When comparing prevalence trend and incidence levels, it should be noted that new infections are only one of many factors contributing to prevalence change. Prevalence is also affected by mortality of infected persons and by in- and out-migration of infected and uninfected individuals, and prevalence and incidence estimates are affected by changing participation rates. Figure 1 illustrates the magnitude of the main influences that determine overall prevalence change. Migratory changes dwarf all the others; however, in each of the intervals, overall in-migration of HIV-infected persons has been more or less balanced by out-migration of HIV-infected persons. This is not always the case in narrower age bands, however, in which it is also necessary to account for aging in and out of the age group. This can lead to unexpected relations between age-specific incidence and prevalence change in particular age groups.
In the 2003/2004 survey, HIV prevalence among adults aged 15 years or older was 7.5% for men and 8.2% for women compared with 6.9% for men and 7.8% for women in the previous survey. Data for the population aged 15 to 44 years, available for all 4 surveys, are shown in Table 2.
In the area as a whole, prevalence seems to be rising still for men but has declined slightly in recent years for women. Prevalence is lower in remote rural areas, but it has continued to rise in these areas for both genders, whereas in the area closest to the road and trading center, it has leveled off for men and fallen sharply for women. Overall, prevalence is little influenced by changes in the composition of the population between surveys; when standardized for age and residence, the standardized prevalence ratios (not shown) differed by <0.2% from the crude values.
HIV prevalence varies by age group, and the pattern of age variation differs between genders and between roadside and remote rural areas; furthermore, the age patterns change over time (Fig. 2). Prevalence is consistently higher across all ages in roadside residents compared with those living in more remote rural areas, but the gap has reduced over time. For women, prevalence peaks in the 25- to 34-year-old age group; however, for men, it continues to be high in the 35- to 44-year-old age group. It has increased over time among male and female residents younger than 20 years of age in both residence categories; however, for men, this increase has been recent (2000 to 2003), whereas for young women, the increase occurred mainly at the start of the study (1994 to 1997). In older age groups, prevalence was fairly steady in roadside villages in the first 3 surveys but fell at the most recent survey.

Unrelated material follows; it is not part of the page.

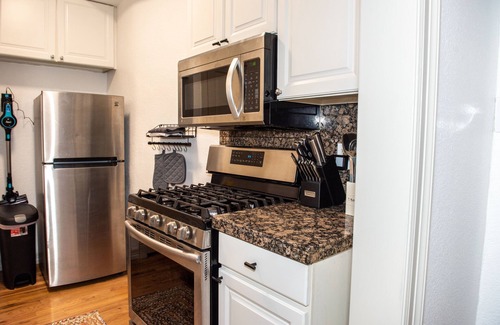 Uptown Condominio | Cozy and Quiet Condo in Uptown- Walking Distance to Everything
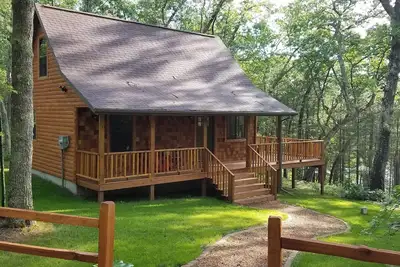 Image de Beau nouveau chalet au bord du lac: près de la rivière Pere Marquette et des sentiers de Vtt / Vtt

Incidence estimates are based on a total of 33,140 person-years of observation between the ages of 15 and 45 years, with 362 seroconversions observed between these ages. This includes 3690 person-years contributed by young residents in the interval before their first serosurvey attendance (31 seroconversions), and 2630 person-years contributed by those who skipped 1 or more serosurveys (32 seroconversions). The second panel of Table 2 shows crude incidence rates by gender, residence, and intersurvey interval. Incidence rose sharply between the first 2 intersurvey intervals in all areas, but roadside areas experienced a reversal of this trend in the last interval, with a particularly dramatic fall among women, in contrast to remote rural areas, where incidence has leveled out for men but continues to rise for women.

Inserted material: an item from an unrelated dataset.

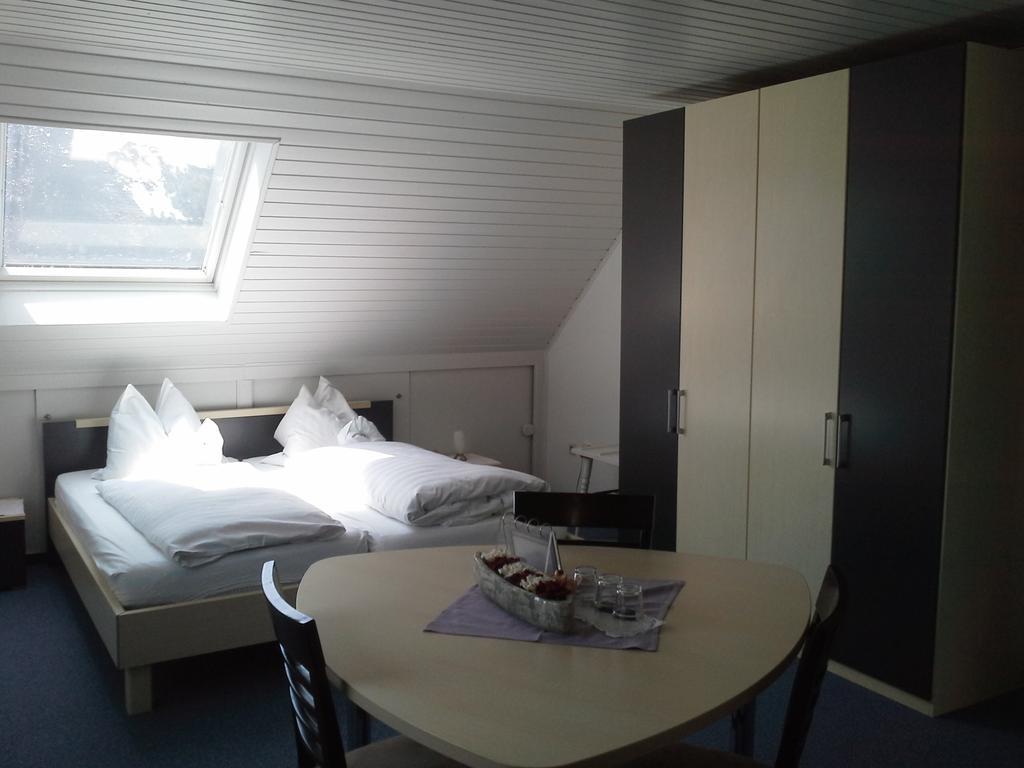 Hotel Haus Mariandl à Düsseldorf Extérieur photo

Figure 3 shows that women experience a younger incidence pattern than men, with higher rates than men in the 15- to 24-year-old age group and relatively little difference between incidence rates in the 15- to 24-year-old and 25- to 34-year-old age groups. This contrasts with the male age pattern, which generally peaks in the 25- to 34-year-old age group. The incidence age pattern has become less differentiated by age in rural areas, with little overall change in level; in urban areas, the pattern has become older during the recent decline; and differences between the areas have decreased.

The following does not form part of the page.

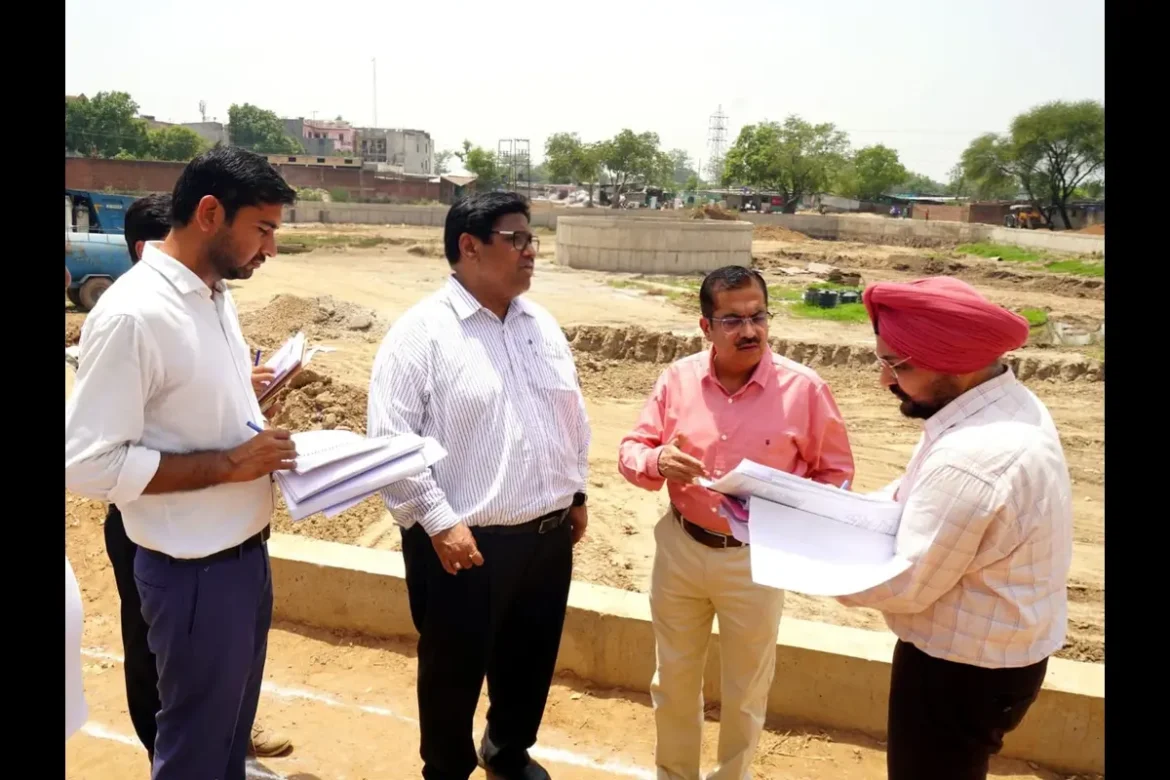 Chandigarh धनास का अमृत सरोवर देरी पर अफसर नाराज़, मानसून से पहले पूरा करने के निर्देश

Incomplete coverage of the study population might affect incidence estimates if individuals who attend at least 2 serosurveys are disproportionately concentrated in subgroups with unusually high or low incidence rates. The number of HIV-negative persons who attended only 1 of the first 3 serosurveys was 4338; of these, 894 were eligible to attend at least 1 other serosurvey. They contributed a total of 5008 person-years during the time that they were under observation according to the demographic surveillance. Had they experienced the gender-, age-, and residence-specific incidence rates observed in their groups, their crude incidence rate would have been 12.6 per 1000 over the study period as a whole compared with 10.9 per 1000 observed in those who attended 2 or more serosurveys. The difference arises because those who came to only 1 serosurvey are mainly found in the more mobile populations in the trading center and roadside villages. The inclusion of these extra person-years with their expected incidence would raise the overall incidence to 11.1 per 1000.
The overall effect of differences in incidence patterns is clearly seen in the cumulative probability of infection shown in the last panel of Table 2. This life table measure is independent of the structure of the population at risk and represents the probability that a person experiencing prevailing risks of infection between 15 and 45 years of age would have become infected by the age of 45 years. The contrasting age patterns between the genders generally cancel out by the age of 45 years, with cumulated infection being almost the same for men and women, except for the period between surveys 3 and 4, where women have an overall advantage over men in the roadside areas, whereas men have an advantage in rural areas. In recent times, overall levels in rural and roadside villages have converged as a result of this contrasting trend between the genders.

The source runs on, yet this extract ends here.